After the city announced plans for smaller and fewer Mardi Gras parades, dissatisfied krewes protested. Responding to the pressure, an advisory panel to Mayor C. Ray Nagin recommended Wednesday that an additional weekend be included in an abbreviated Mardi Gras parade season. The mayor is expected to agree to a pre-Lenten Carnival season of eight days, instead of the customary 12, culminating Feb. 28 on Mardi Gras Day (known in English as Fat Tuesday).
Yet while city officials and merchants are desperate for symbols of recovery and renewal, some residents are concerned about the message that will be projected when New Orleans holds a giant party in a hurricane’s catastrophic wake.
The coming Mardi Gras will celebrate 150 years of New Orleans’s parade tradition and, officials hope, provide a fiscal bloody mary for a hung-over economy that has suffered a shutdown of vital tourism and a layoff of half of the municipal work force.
Mardi Gras pumps $1 billion directly and indirectly into the local economy each year, the equivalent of several Super Bowls, city officials say.
While Carnival is intended to signal that New Orleans is open for business again, residents say they also need the celebration for themselves, to affirm the city’s essence - a piquant improvisation evident in the food, music, irreverence and self-indulgence.
"If not one tourist comes to town, Mardi Gras will still serve its initial purpose - entertaining local people," said Ed Muniz, founder and captain of the Krewe of Endymion, which holds one of the largest and most lavish Mardi Gras parades. "I think the locals need a celebration of life. The funeral has got to end, and the recovery has got to begin."
City and Mardi Gras officials say they are confident that the 2006 Carnival season can be of high quality. But several issues, mostly financial, remain unresolved.
At a tense planning meeting on Monday, Warren J. Riley, the acting police superintendent, said his department welcomed Mardi Gras, understood its social and financial importance and could provide adequate protection for paradegoers. But Superintendent Riley also said there was no money budgeted to pay overtime to New Orleans’s 1,442 police officers. All parades will have to follow one route, down St. Charles Avenue, and each day’s parading can last no longer than eight hours, he said.
"We do not have $5 for overtime," Superintendent Riley said, explaining that such costs ran as high as $300,000 to $400,000 on weekends during Mardi Gras.
The city reconsidered that position on Wednesday, saying it was seeking to raise an additional $1.5 million to extend Mardi Gras over two weekends and to pay for overtime on several days.
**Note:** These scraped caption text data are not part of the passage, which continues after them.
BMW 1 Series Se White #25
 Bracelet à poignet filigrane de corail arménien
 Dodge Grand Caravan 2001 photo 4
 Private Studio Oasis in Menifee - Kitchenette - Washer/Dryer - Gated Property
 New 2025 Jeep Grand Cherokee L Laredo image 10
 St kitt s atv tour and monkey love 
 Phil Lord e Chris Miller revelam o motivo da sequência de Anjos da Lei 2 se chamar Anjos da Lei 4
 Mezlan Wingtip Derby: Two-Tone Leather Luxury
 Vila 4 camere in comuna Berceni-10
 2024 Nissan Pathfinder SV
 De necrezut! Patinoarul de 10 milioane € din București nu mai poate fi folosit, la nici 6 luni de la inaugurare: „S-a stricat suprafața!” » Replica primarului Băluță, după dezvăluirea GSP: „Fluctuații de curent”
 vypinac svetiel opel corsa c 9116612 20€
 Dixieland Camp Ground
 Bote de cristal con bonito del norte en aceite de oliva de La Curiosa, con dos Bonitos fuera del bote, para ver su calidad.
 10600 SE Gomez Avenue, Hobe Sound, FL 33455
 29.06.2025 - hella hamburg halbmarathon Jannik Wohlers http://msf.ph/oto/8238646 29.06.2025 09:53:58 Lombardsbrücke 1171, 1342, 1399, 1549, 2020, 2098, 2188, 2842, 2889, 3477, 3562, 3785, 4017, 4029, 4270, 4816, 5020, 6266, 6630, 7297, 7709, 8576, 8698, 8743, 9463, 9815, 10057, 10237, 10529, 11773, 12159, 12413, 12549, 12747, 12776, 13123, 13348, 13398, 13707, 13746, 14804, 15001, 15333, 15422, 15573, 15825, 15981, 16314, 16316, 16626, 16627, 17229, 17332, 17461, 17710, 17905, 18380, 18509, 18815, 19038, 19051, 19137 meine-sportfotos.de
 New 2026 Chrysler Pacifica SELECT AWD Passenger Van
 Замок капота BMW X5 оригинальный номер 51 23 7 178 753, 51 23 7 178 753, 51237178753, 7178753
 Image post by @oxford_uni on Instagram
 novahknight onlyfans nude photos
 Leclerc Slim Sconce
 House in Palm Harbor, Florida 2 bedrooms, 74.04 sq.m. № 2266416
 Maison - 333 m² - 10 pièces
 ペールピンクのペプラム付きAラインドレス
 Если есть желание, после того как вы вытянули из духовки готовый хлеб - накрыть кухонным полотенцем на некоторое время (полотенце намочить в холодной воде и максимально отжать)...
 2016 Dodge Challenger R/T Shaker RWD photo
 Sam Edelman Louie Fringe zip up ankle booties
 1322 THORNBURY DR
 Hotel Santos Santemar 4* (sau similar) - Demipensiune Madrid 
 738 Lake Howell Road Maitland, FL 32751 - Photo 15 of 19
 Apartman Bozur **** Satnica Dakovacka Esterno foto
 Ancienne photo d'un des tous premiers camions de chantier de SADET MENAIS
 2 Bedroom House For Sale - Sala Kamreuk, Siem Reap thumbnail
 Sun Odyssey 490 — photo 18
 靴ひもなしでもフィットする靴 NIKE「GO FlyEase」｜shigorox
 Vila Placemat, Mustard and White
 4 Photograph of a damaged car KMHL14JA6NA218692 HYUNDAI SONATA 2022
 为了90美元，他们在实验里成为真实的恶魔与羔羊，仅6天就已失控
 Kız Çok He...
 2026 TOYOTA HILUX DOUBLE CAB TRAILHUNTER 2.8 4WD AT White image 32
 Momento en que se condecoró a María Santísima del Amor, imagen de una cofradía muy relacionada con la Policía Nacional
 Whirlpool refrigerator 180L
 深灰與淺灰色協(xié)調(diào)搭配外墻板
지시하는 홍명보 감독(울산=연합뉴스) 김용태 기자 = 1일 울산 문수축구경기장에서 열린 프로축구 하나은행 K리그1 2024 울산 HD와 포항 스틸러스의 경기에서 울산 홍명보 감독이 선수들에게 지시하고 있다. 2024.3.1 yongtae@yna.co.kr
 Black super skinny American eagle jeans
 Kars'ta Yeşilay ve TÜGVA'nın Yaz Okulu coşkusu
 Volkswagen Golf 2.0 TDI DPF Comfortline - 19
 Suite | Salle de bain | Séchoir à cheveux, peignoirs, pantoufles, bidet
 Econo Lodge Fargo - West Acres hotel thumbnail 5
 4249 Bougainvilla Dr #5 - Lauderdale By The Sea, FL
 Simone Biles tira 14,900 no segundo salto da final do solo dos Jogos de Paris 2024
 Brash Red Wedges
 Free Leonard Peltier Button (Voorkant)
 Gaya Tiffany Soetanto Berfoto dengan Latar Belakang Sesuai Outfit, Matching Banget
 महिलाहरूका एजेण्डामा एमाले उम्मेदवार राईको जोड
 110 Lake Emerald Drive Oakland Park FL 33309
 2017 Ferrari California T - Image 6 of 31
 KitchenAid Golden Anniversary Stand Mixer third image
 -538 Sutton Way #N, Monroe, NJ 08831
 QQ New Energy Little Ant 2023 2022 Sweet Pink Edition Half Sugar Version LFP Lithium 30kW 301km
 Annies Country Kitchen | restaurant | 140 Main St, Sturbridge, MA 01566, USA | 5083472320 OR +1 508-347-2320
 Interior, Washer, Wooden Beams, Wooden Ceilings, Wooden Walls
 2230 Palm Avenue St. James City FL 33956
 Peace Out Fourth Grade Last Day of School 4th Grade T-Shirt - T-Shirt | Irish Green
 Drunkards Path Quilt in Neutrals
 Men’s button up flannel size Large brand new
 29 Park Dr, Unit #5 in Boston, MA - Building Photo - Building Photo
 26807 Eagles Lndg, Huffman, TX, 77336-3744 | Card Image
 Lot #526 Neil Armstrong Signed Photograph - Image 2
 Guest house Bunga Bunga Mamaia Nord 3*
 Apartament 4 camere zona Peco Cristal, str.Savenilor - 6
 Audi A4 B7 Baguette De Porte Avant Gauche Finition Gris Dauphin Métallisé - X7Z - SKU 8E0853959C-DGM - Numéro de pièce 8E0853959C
Krewes have agreed to relax a prohibition on corporate sponsorship of Mardi Gras, but say they will not allow corporate logos on floats.
Wednesday’s recommendation came after warnings by krewes that 10 parades might be canceled or moved. Mr. Muniz, the Endymion captain, said Monday that plans to trim Mardi Gras were sending a message to tourists "not to come." He threatened to move his parade to adjacent Jefferson Parish.
"I want to be in New Orleans, but if I’ve got to cut my parade in half, I’m not going to parade in New Orleans," said Mr. Muniz, whose krewe has 2,300 members.
On Wednesday, Mr. Muniz said he felt assured that overtime money would be raised to accommodate his parade in full.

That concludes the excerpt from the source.